Surgeons, Dermatologists say, "You're fired"
Professional societies jointly condemn BBC Apprentice winner’s business scheme
19 July 2013 (Last updated: 27 Mar 2019 12:52)
"Having a stab at running a business shouldn’t be taken literally”
London – 19 July, 2013 – The main professional bodies for plastic surgery and dermatology today jointly and unequivocally condemn BBC Apprentice winner Dr. Leah Totton’s ability to set up and run a chain of outlets offering injectable facial treatments such as Botox and fillers. Not only the British Association of Dermatologists (www.bad.org.uk), the British Association of Aesthetic Plastic Surgeons (www.baaps.org.uk) and the British Association of Plastic, Reconstructive and Aesthetic Surgeons (www.bapras.org.uk) but a whole host of high-profile clinicians have taken to social media in a Twitter storm* denouncing the junior doctor’s dangerously inadequate credentials for the project.

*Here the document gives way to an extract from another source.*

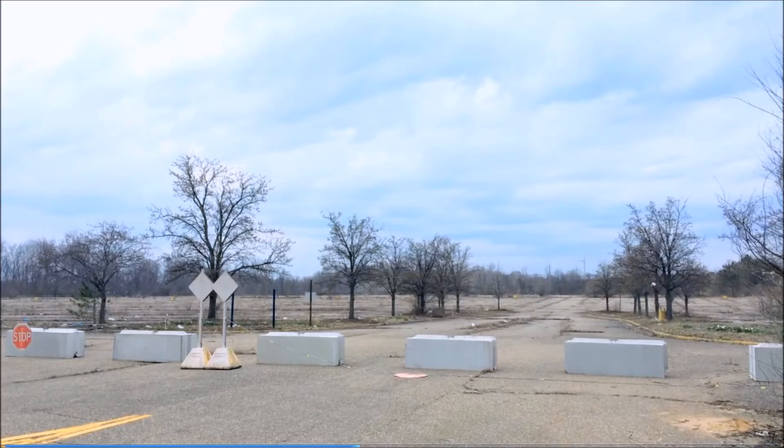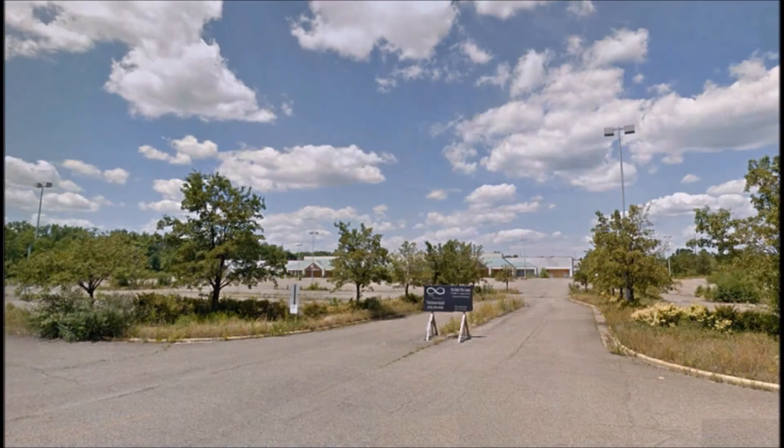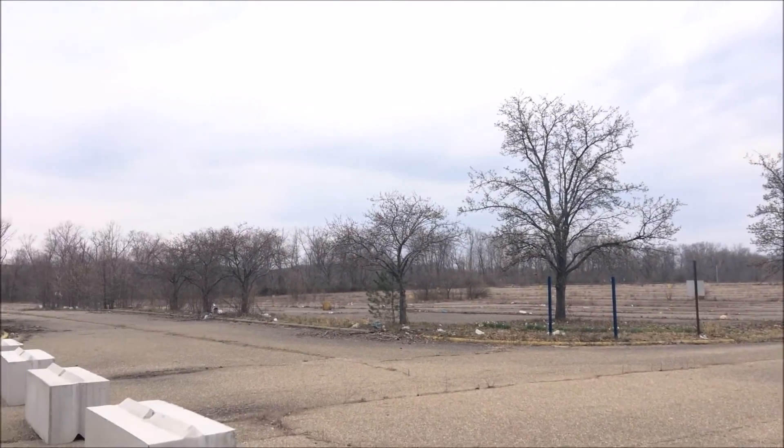If you want to see more of this spot, I will put a link below in the description to the actual video when I walked through there and kind of talked about the footprint of that Kmart — that was pretty cool.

The extensive independent Review of Regulation on Cosmetic Interventions led by Sir Bruce Keogh (which issued its report earlier this year) highlighted problems within the nonsurgical cosmetic sector and called for urgent development of an accredited training framework by Health Education England. The recommendations of the Review were welcomed by specialist professional groups who emphasise patient and public safety must be put ahead of commercial interests. They continue to urge rapid Parliamentary approval in order to take the recommendations forward and ensure that proficient implementation and improved patient care is in place – but in the meantime, the public remain at risk.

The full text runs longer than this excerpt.